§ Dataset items

_____

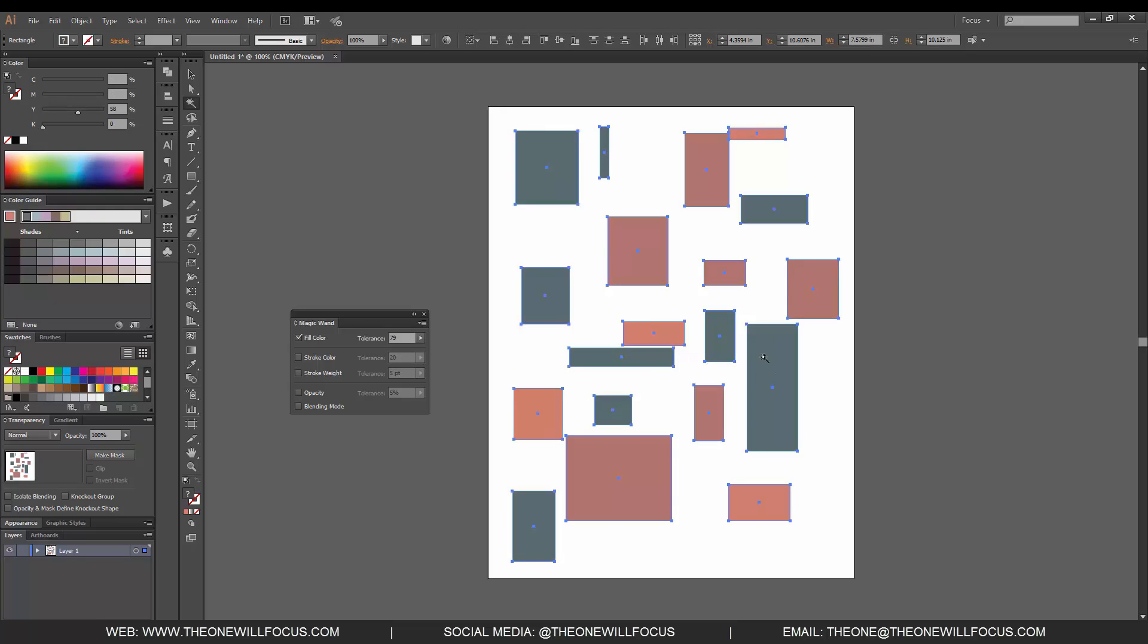When we click this now, you'll notice that it's selecting pretty much everything that's on the artboard. That's because we've raised our tolerance, but if we lower it...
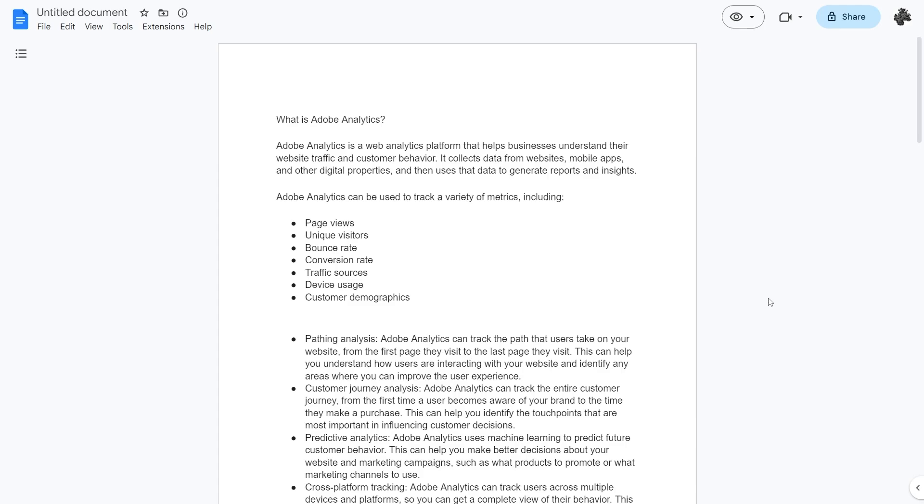Hello and welcome back to another video. Today we're going to be comparing both Adobe Analytics and Google Analytics to see which one is a better match for you.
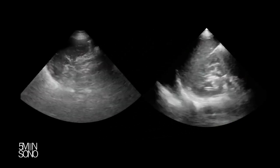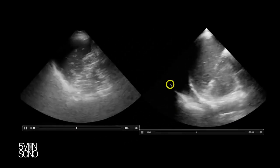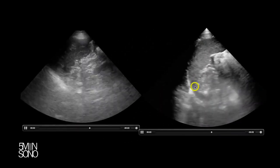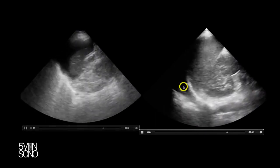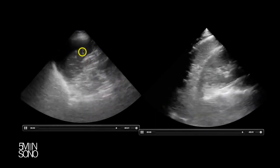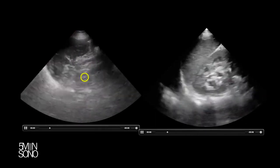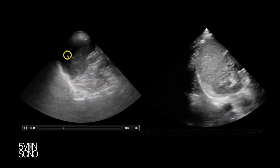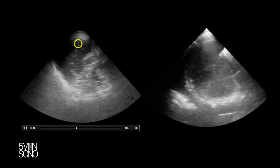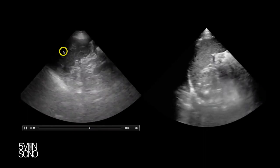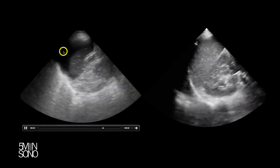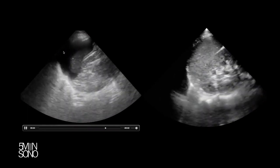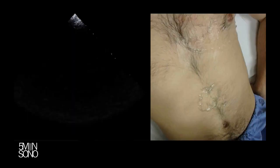On the right side of the screen we have a negative left upper quadrant FAST. And on the left side we have a spleen, a kidney down here, and a bunch of free fluid up here — this is what a positive left upper quadrant FAST looks like.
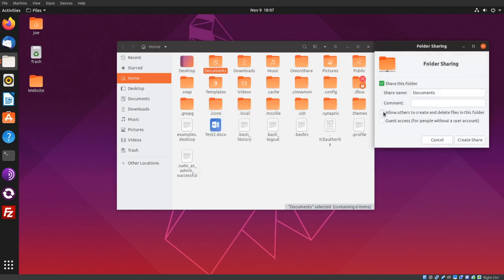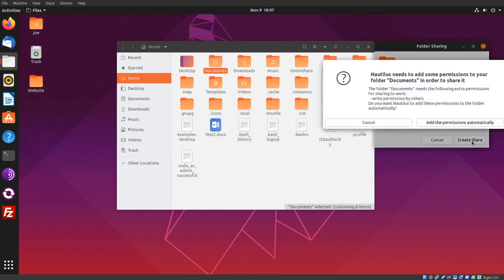I'm going to allow others to create and delete, and I'm going to choose guest access. Click create share and permissions automatically.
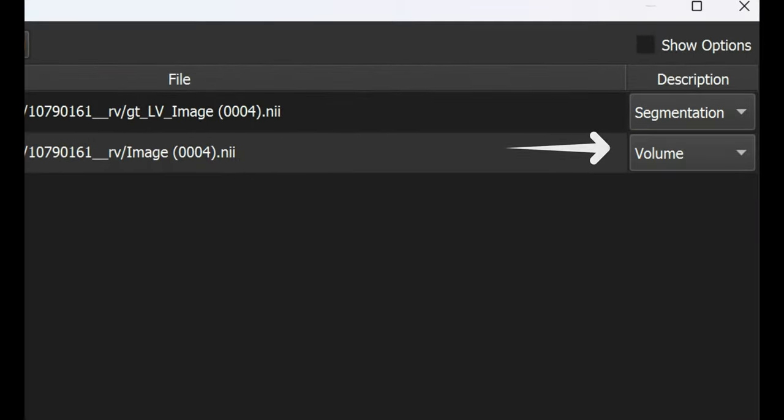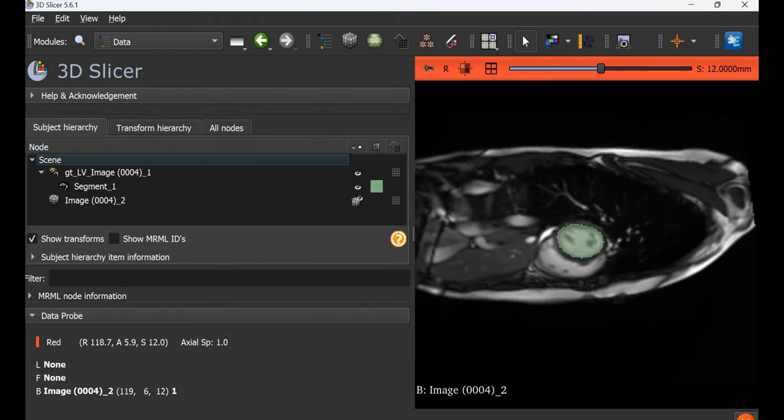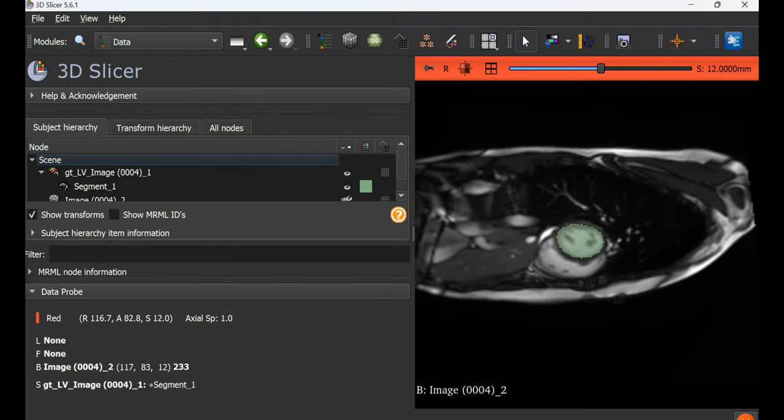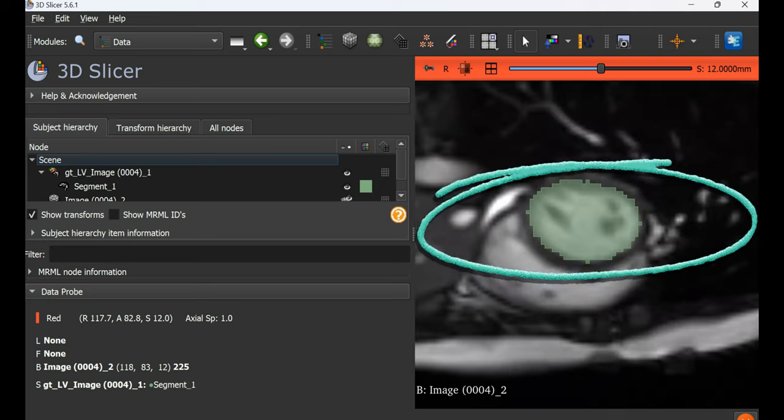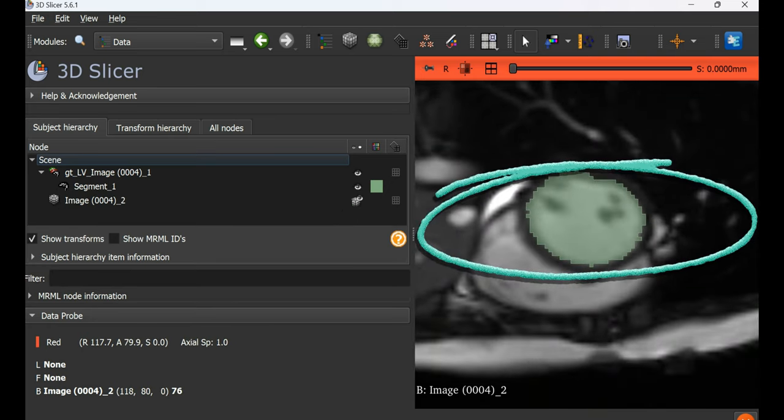The image is labeled as volume and the mask is labeled as segmentation. After this, 3D Slicer automatically shows the masks overlaid on the image.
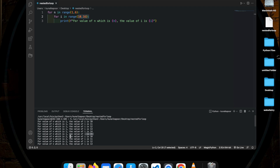And then the same thing repeats again. The value of the inner loop — the value of i — is changing in each iteration. However, the value of n, which is the outer loop, remains the same until the inner loop has completed its full cycle.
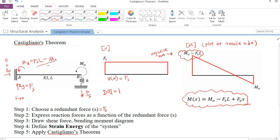If you plot at x equal to L, you get M0 — the bending moment at point B. It makes sense because the bending moment at point B is M0, and the bending is at the bottom of the beam, plotted at the tensile side. So we've already finished the first three steps. The next thing we need to do is to define the strain energy of the system, and then apply Castigliano's theorem.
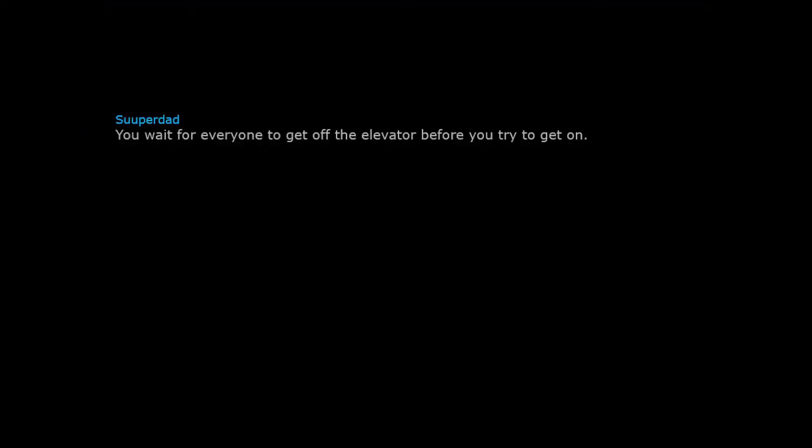You wait for everyone to get off the elevator before you try to get on. Don't eat food that isn't yours without asking for permission first.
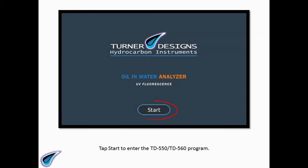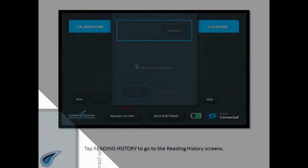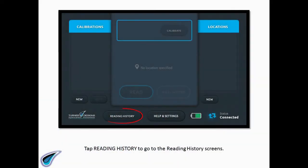Tap Start to enter the TD550-TD560 program. Tap Reading History to go to the Reading History screens.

_____

Set down, exactly as written above, each line from the one with "Hello and welcome" through the one with "I'm going to allow", and skip the pictures.

Hello and welcome back to another video. Today we're going to be comparing both Adobe Analytics and Google Analytics to see which one is a better match for you.
On the right side of the screen we have a negative left upper quadrant FAST. And on the left side we have a spleen, a kidney down here, and a bunch of free fluid up here — this is what a positive left upper quadrant FAST looks like.
I'm going to allow others to create and delete, and I'm going to choose guest access. Click create share and permissions automatically.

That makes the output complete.